In Gari Dupatta and Hattian Bala, in Muzaffarabad District, the organization finished restoring two small urban water-treatment plants, extensively damaged by the earthquake and resultant landslides. It did this by constructing a sedimentation tank and reconstructing a pipeline. It also supplied pipes and other materials to help with the operation and maintenance of the plants, which now provide safe water to some 50,000 people.
Cooperation with the Pakistan Red Crescent Society
The ICRC works closely with its partners in the Red Cross/Red Crescent Movement, particularly the Pakistan Red Crescent Society (PRCS). The ICRC supported the PRCS in organizing courses on tracing for the volunteers and staff of Azad Jammu and Kashmir and Quetta state branches.

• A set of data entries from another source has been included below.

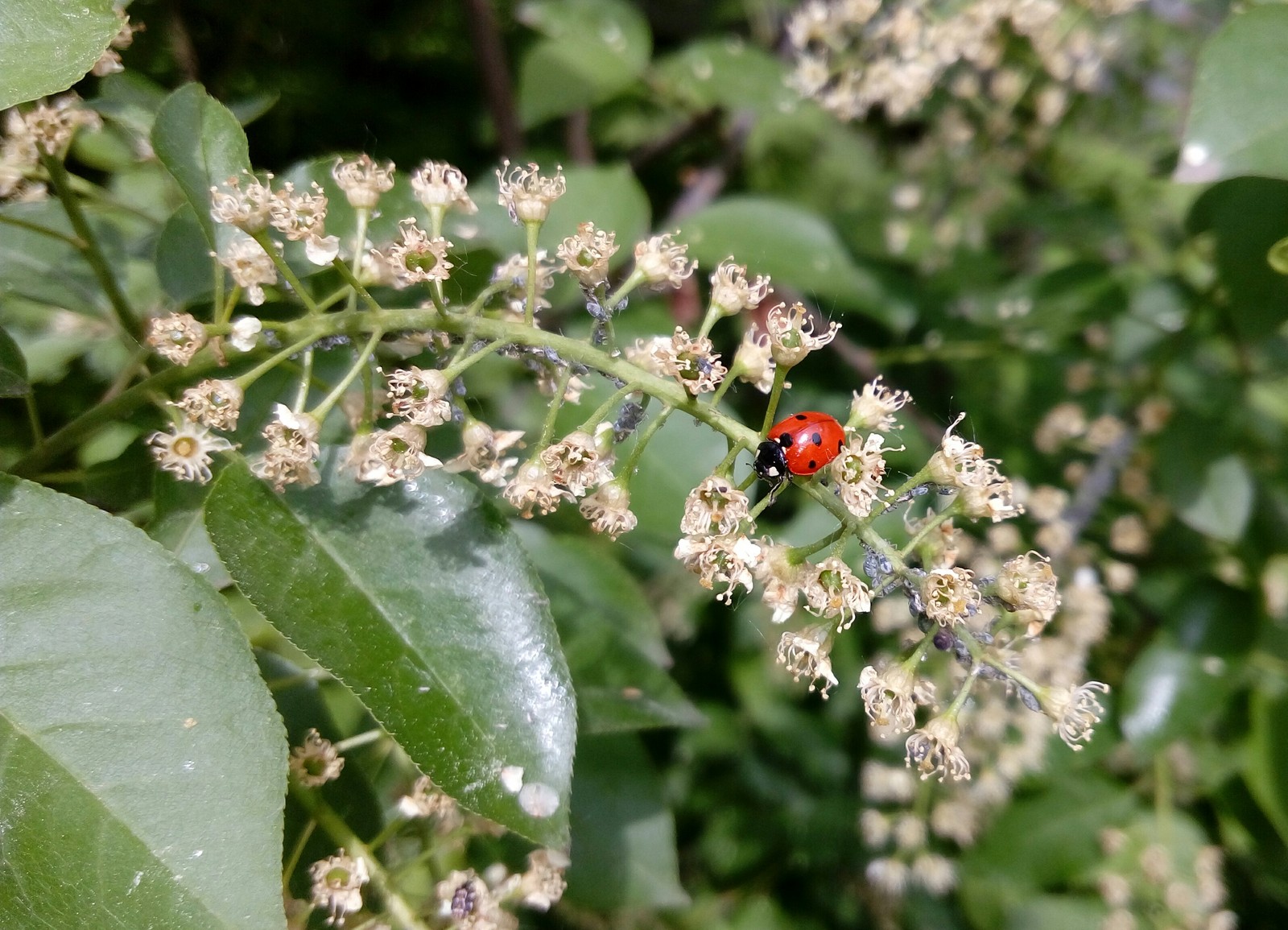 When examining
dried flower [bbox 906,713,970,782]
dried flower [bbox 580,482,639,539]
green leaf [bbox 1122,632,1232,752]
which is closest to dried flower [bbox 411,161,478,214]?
dried flower [bbox 580,482,639,539]

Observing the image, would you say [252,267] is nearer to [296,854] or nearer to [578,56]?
[296,854]

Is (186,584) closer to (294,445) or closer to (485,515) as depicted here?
(294,445)

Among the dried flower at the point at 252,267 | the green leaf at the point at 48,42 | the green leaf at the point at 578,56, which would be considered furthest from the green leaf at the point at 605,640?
the green leaf at the point at 578,56

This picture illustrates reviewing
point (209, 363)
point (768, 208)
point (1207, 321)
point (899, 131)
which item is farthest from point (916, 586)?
point (899, 131)

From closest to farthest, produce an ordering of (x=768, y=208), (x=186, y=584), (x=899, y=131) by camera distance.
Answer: (x=186, y=584)
(x=768, y=208)
(x=899, y=131)

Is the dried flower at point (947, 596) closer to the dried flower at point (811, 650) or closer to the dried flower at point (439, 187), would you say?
the dried flower at point (811, 650)

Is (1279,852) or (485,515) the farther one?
(1279,852)

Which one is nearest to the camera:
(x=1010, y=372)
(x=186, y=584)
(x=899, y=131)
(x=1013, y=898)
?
(x=186, y=584) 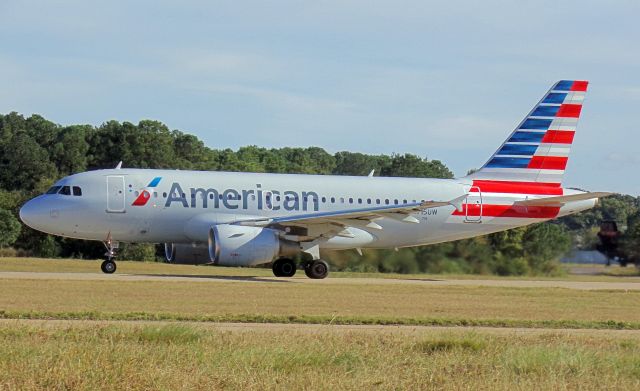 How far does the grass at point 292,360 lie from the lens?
12891 millimetres

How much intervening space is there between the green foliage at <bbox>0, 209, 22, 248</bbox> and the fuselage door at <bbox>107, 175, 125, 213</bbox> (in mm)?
22424

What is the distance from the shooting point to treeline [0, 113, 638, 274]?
137 ft

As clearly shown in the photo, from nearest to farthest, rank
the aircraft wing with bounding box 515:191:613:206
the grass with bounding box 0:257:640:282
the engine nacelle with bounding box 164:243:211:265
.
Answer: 1. the engine nacelle with bounding box 164:243:211:265
2. the grass with bounding box 0:257:640:282
3. the aircraft wing with bounding box 515:191:613:206

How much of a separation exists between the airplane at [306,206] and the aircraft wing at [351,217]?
1.3 inches

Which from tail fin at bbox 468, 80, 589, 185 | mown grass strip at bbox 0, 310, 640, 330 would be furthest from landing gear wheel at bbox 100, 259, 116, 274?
mown grass strip at bbox 0, 310, 640, 330

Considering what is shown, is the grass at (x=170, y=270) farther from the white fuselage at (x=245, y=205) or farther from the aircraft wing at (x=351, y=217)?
the aircraft wing at (x=351, y=217)

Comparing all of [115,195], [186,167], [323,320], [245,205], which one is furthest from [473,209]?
[186,167]

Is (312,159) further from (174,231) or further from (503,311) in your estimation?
(503,311)

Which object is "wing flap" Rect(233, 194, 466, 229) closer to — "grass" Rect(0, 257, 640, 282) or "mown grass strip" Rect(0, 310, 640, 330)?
"grass" Rect(0, 257, 640, 282)

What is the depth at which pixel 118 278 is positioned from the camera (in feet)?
106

With ICRC funding, the PRCS Azad Jammu and Kashmir state branch launched a programme to raise public awareness of basic hygiene in communities where the organization has built water-supply facilities. In its first phase, the programme reached some 31,500 people in 43 villages in Muzaffarabad District.

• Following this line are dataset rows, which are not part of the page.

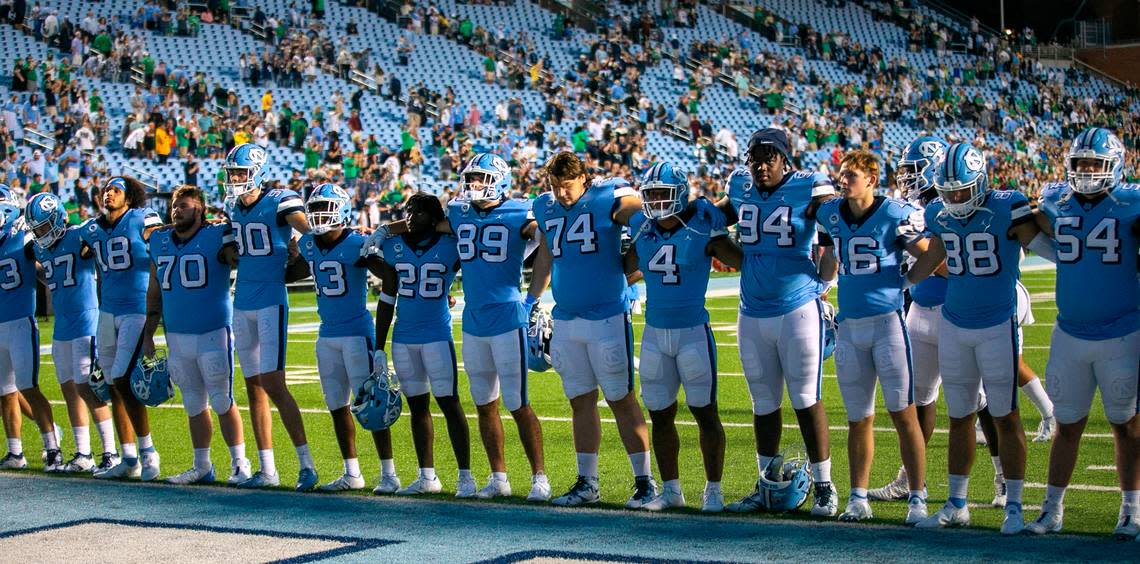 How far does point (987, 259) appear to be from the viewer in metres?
5.79

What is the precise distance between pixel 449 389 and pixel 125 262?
7.34ft

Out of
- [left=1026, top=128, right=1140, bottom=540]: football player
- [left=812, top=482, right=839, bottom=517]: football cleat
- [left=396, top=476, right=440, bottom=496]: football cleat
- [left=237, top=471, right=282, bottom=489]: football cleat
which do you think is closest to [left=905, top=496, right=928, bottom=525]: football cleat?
[left=812, top=482, right=839, bottom=517]: football cleat

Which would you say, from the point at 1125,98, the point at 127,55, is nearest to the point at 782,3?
the point at 1125,98

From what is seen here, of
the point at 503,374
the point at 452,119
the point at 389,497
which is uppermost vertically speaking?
the point at 452,119

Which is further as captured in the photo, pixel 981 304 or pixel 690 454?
pixel 690 454

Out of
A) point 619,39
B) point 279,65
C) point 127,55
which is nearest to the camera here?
point 127,55

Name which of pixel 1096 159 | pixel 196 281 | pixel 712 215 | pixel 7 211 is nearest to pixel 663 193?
pixel 712 215

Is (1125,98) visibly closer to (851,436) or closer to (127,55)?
(127,55)

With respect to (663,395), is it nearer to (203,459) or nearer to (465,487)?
(465,487)

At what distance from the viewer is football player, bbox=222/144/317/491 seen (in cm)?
740

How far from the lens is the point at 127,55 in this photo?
25.7 meters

With the support of PRCS volunteers from Azad Jammu and Kashmir state, the ICRC collected 575 cases of mines victims throughout the districts adjacent to the Line of Control.
With ICRC financial support, the PRCS celebrated World Red Cross and Red Crescent day. The Sindh branch used the occasion to distribute first-aid kits to traffic police.
Promotion of international humanitarian law
The ICRC continues to maintain and strengthen contacts with the national authorities as it seeks to promote international humanitarian law (IHL) and gain support for its activities. It supports and assists the armed forces in integrating IHL into their doctrine and training and endeavours to strengthen knowledge and respect for IHL among other sectors of the society. To this end in the period under review the ICRC:
- conducted 12 IHL sessions and courses at key training military establishments
- sponsored 2 professors to participate in the 12th South Asian teaching session on IHL held in India
- conducted an IHL course for lawyers, judges and State officials in Islamabad
- held 2 seminars on IHL and Islamic law at International Islamic University, Islamabad and in Madrassah Islamia, Palandri
- sponsored 3 students to represent Pakistan in the Jean Pictet international IHL moot-court competition in Switzerland
- held an IHL session and a roundtable on reporting in armed conflicts, for the media; announced awards for a journalists’ competition on the impact of media on the protection of civilians in armed conflicts
- organized a seminar on detention for prison staff
- conducted an IHL session for the hierarchy of the PRCS.